The Problem: Cold-Start CMC Divergence¶

When CMC (Consensus Monte Carlo) starts from configuration initial values without NLSQ warm-start:

Root cause: NUTS adaptation wastes warmup iterations searching a 6+ order-of-magnitude parameter space when initial values are far from the posterior mode.
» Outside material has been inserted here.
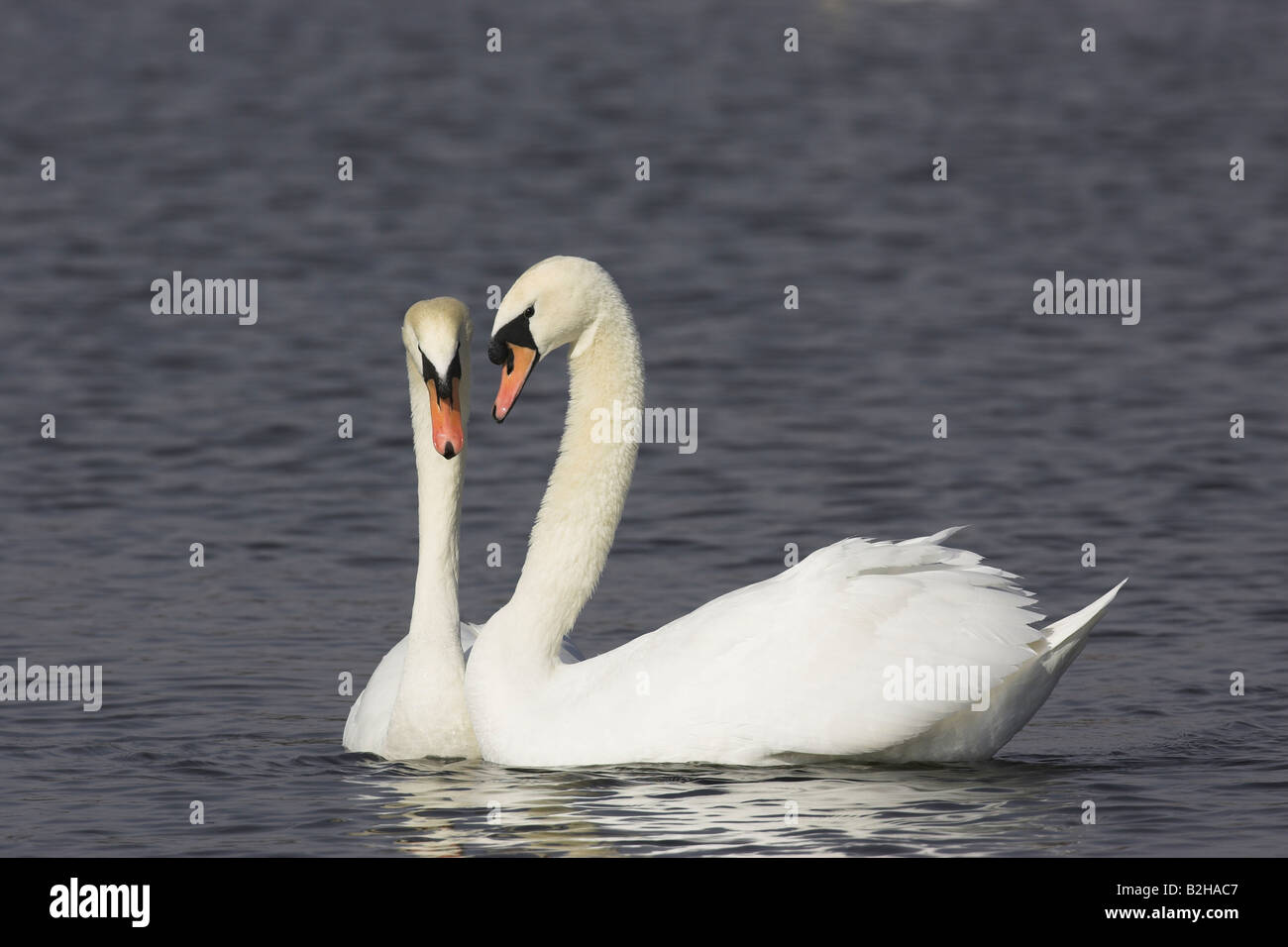 Flirt paire couple Cygne tuberculé Cygnus olor d'oiseaux du lac de l'Europe Banque D'Images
Automatic Warm-Start via CLI (v2.20.0)¶

┌───────────────────────────────────────────────────────────────────────────┐
│ CLI AUTOMATIC NLSQ→CMC WORKFLOW                                           │
│                                                                           │
│   User runs: homodyne --method cmc --config my_config.yaml               │
│                                                                           │
│   CLI internally:                                                        │
│   1. Runs fit_nlsq_jax(data, config) FIRST                               │
│   2. Extracts optimized parameters from NLSQ result                      │
│   3. Passes to fit_mcmc_jax(data, config, nlsq_result=nlsq_result)       │
│   4. CMC uses NLSQ parameters as initial values                          │
│                                                                           │
│   To disable (NOT RECOMMENDED):                                          │
│     homodyne --method cmc --no-nlsq-warmstart                            │
└───────────────────────────────────────────────────────────────────────────┘

API Usage¶

from homodyne.optimization.nlsq import fit_nlsq_jax
from homodyne.optimization.cmc import fit_mcmc_jax

# Step 1: Run NLSQ first
nlsq_result = fit_nlsq_jax(
    data=pooled_data,
    t1=t1_pooled,
    t2=t2_pooled,
    phi=phi_pooled,
    q=q,
    L=L,
    analysis_mode="laminar_flow",
    config=config.optimization.nlsq,
)

# Step 2: Pass NLSQ result to CMC for warm-start
cmc_result = fit_mcmc_jax(
    data=pooled_data,
    t1=t1_pooled,
    t2=t2_pooled,
    phi=phi_pooled,
    q=q,
    L=L,
    analysis_mode="laminar_flow",
    cmc_config=config.optimization.cmc,
    nlsq_result=nlsq_result,  # CRITICAL: Provides warm-start
)

Benefits of NLSQ Warm-Start¶

Reduced Divergences: ~28% → <5% divergence rate
Accurate Parameter Estimates: CMC results within 10-20% of NLSQ
Proper Uncertainties: No artificial precision from biased combination
Faster Convergence: NUTS adapts from near-mode instead of searching
Consistent Parameterization: NLSQ’s per_angle_mode propagates to CMC

NLSQ and Bimodal CMC Posteriors (v2.22.0)¶

When per-shard CMC posteriors are bimodal (e.g., D₀ ~19K and ~32K), NLSQ typically converges to one mode. Standard consensus MC averages both modes into a density trough, producing a z-score > 100 disagreement with NLSQ. Mode-aware consensus (v2.22.0) decomposes bimodal shards into per-component GMM statistics and runs consensus separately per mode cluster, preserving both physical solutions. The NLSQ result then matches one of the two consensus modes rather than disagreeing with a corrupted average.